Assigned task: Please set down, with no changes, every line of the material below from the one containing "La gama de zumos" through the end. Skip the pictures.

Records supplied:

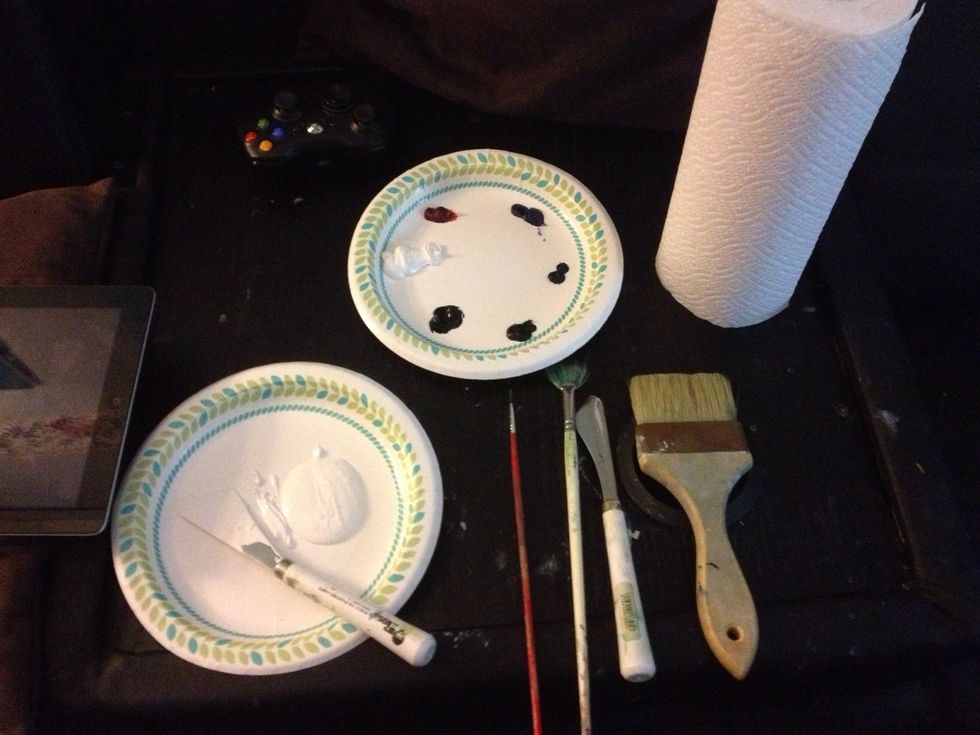 Supplies needed. Xbox controller wasn't used though :)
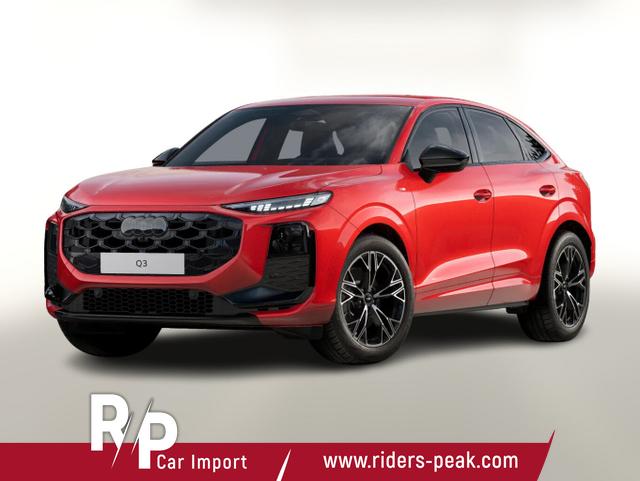 Audi Q3 Sportback - neuesMod 2xS line Tech+ LED+ 19Z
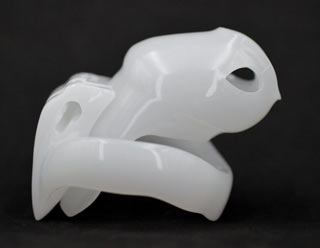 Male Chastity Device - Pearl White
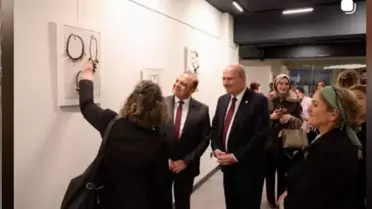 Sergide sergilenen iğne oyası örnekleri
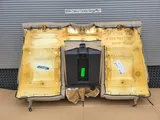 BMW E46 Cabrio Rückbank Rücksitz Bank Sitz Lehne HINTEN Leder Beige ABHOLUNG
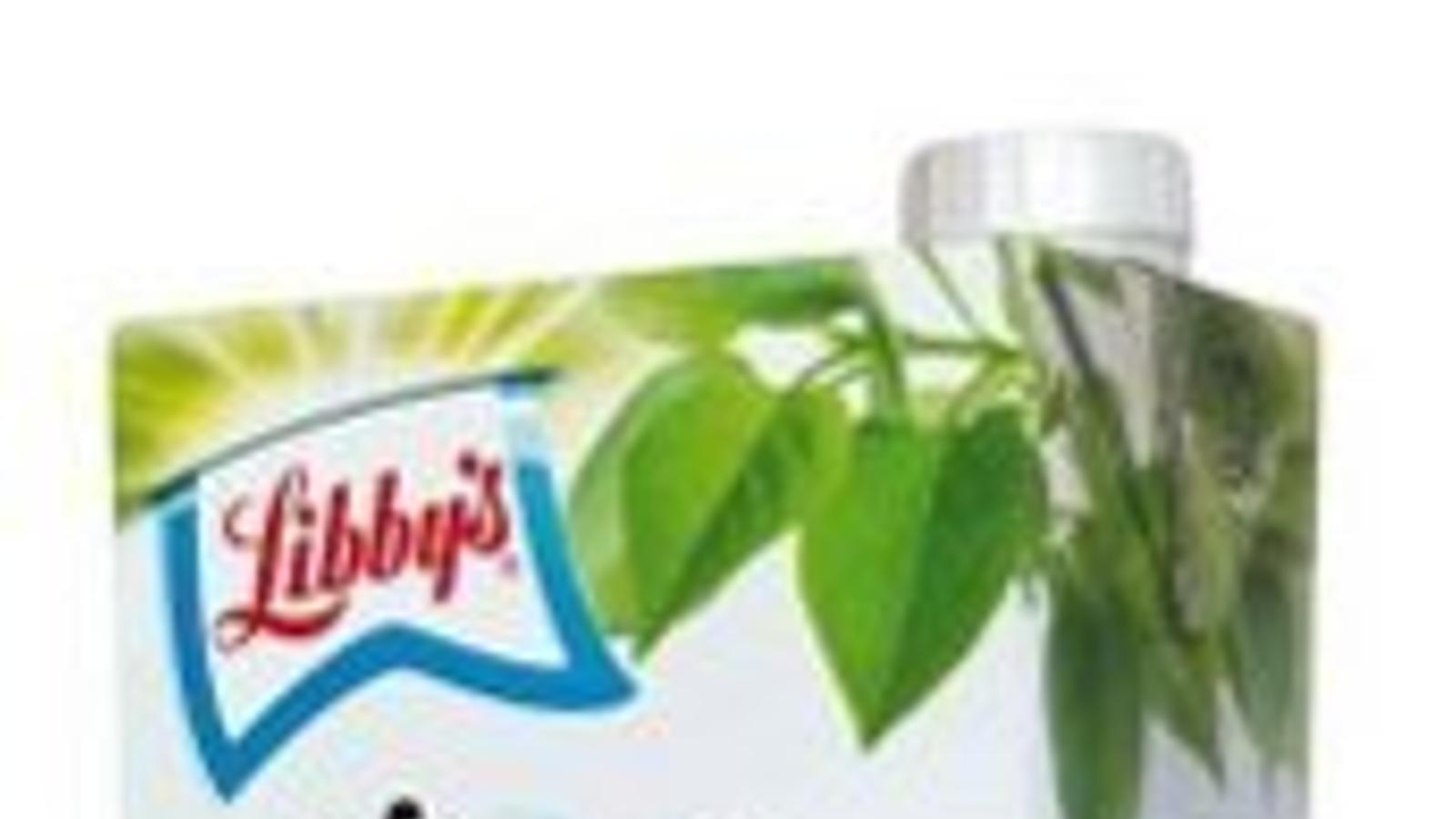 La gama de zumos Libby's estrena diseño y tapón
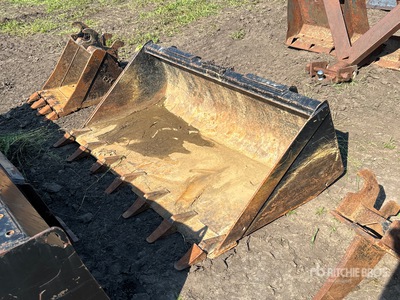 John Deere 66 in Skid Steer Bucket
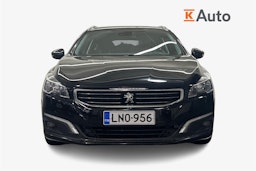 Musta Peugeot 508 2016 kuva 5.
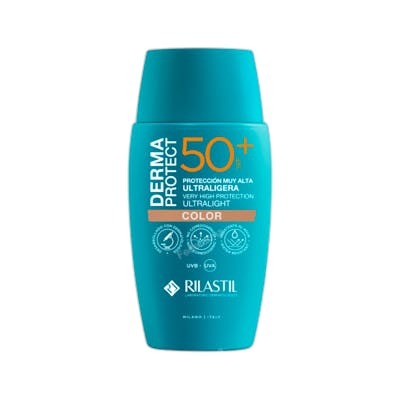 Rilastil Dermaprotect Fotoprotector Ultraligero con Color SPF 50+ 50 ml
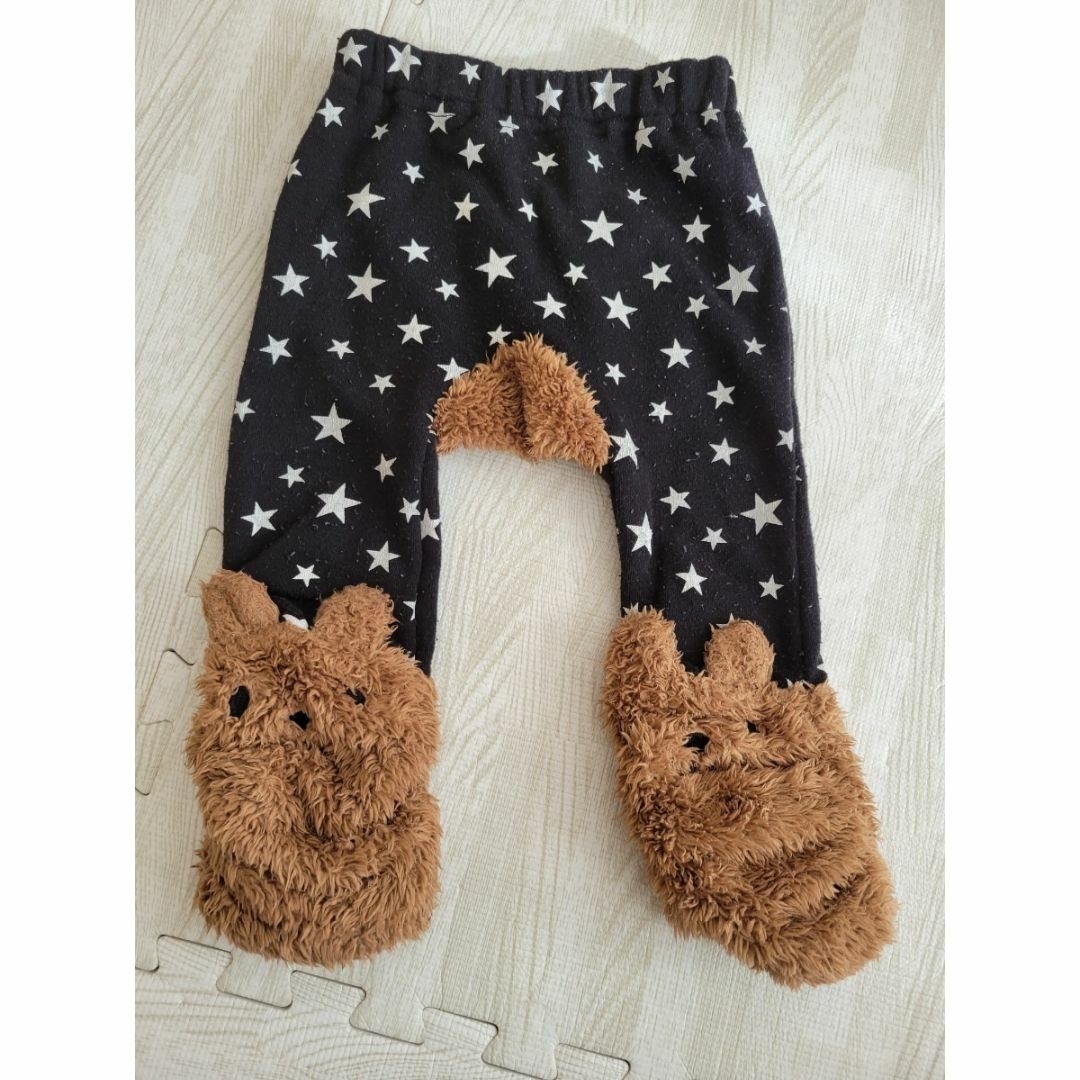 mou jon jon(ムージョンジョン)のライオン完売　８０サイズ　男の子用　ズボン　まとめ売り　GAP　H&M　BeBe キッズ/ベビー/マタニティのベビー服(~85cm)(パンツ)の商品写真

Output for this exercise:
 La gama de zumos Libby's estrena diseño y tapón
 John Deere 66 in Skid Steer Bucket
 Musta Peugeot 508 2016 kuva 5.
 Rilastil Dermaprotect Fotoprotector Ultraligero con Color SPF 50+ 50 ml
 mou jon jon(ムージョンジョン)のライオン完売　８０サイズ　男の子用　ズボン　まとめ売り　GAP　H&M　BeBe キッズ/ベビー/マタニティのベビー服(~85cm)(パンツ)の商品写真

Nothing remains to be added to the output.